TCE suspende leilão da Celepar por risco à fiscalização e ao tratamento de dados da segurança pública
O despacho menciona que atualmente existem ao menos 114 sistemas classificados como manipuladores de dados de segurança pública, cuja gestão estaria envolvida no processo de transição
Por Gazeta do Paraná
Créditos: Roberto Dziura/AEN
O Tribunal de Contas do Estado do Paraná determinou, em decisão cautelar, a suspensão imediata do processo de desestatização — na prática, a venda — da Companhia de Tecnologia da Informação e Comunicação do Paraná (Celepar). A decisão foi proferida pelo conselheiro Fabio de Souza Camargo e atende a pedido da 6ª Inspetoria de Controle Externo, que conduz fiscalização sobre contratos ligados ao tratamento de dados sensíveis da área de segurança pública .

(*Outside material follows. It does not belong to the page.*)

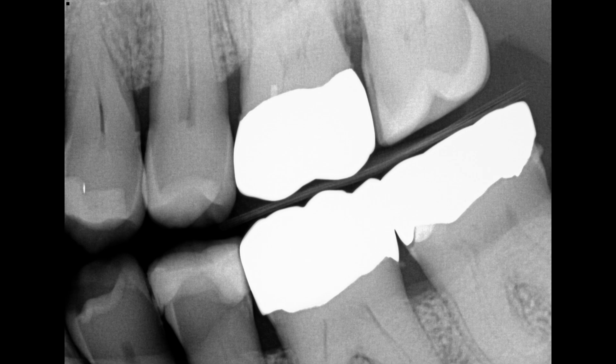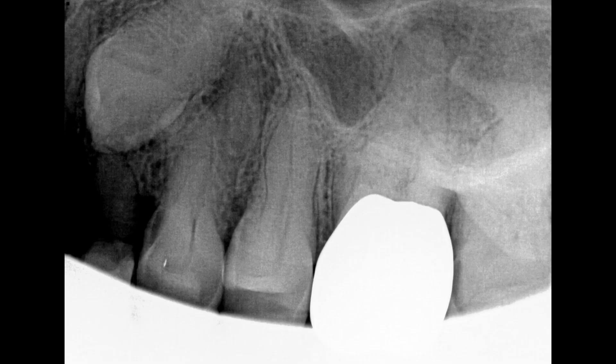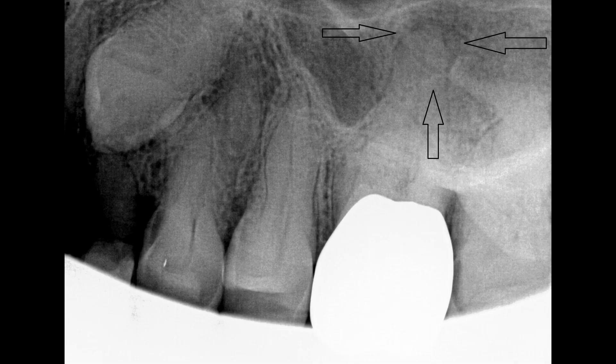The X-ray kind of looks a bit funny, weird presentation. The PA shows that there's actually a lesion on the 2.6 that we made a plan to do a root canal for, but in this one we're just going to be doing the MO on the 2.7.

A medida cautelar foi adotada no âmbito de um procedimento de Homologação de Recomendações e tem como fundamento central o risco de comprometimento da própria fiscalização em curso, caso a privatização avance antes da conclusão das análises técnicas. Segundo o despacho, a venda da Celepar poderia gerar “impactos diretos” na capacidade do Tribunal de exercer controle externo, além de esvaziar a utilidade prática das recomendações que ainda estão sendo elaboradas pela Inspetoria .
No centro da fiscalização estão contratos firmados entre a Secretaria de Estado da Segurança Pública (SESP) e a empresa Indra Brasil Soluções e Serviços Tecnológicos Ltda., relacionados à gestão e ao tratamento de dados de segurança pública. De acordo com o relatório técnico, a própria SESP reconheceu, em documentos internos, que o processo de privatização da Celepar poderia acarretar riscos de exposição, transferência indevida ou até interrupção de sistemas críticos que hoje concentram informações sensíveis de toda a população paranaense .
O despacho menciona que atualmente existem ao menos 114 sistemas classificados como manipuladores de dados de segurança pública, cuja gestão estaria envolvida no processo de transição. A Inspetoria aponta que a Celepar ainda exerce papel ativo na administração desses sistemas, o que reforça a necessidade de sua permanência sob o alcance direto da fiscalização do Tribunal enquanto perdurarem as apurações .
Outro ponto destacado na decisão é a existência de contradições entre informações prestadas pela SESP e análises técnicas produzidas pela própria Celepar. Enquanto a Secretaria afirma ter internalizado a gestão dos dados, documentos da estatal indicam que parte significativa — mais de 50% dos sistemas classificados como críticos — continua sob operação independente, o que acende alertas sobre governança, segurança da informação e confiabilidade das contratações analisadas .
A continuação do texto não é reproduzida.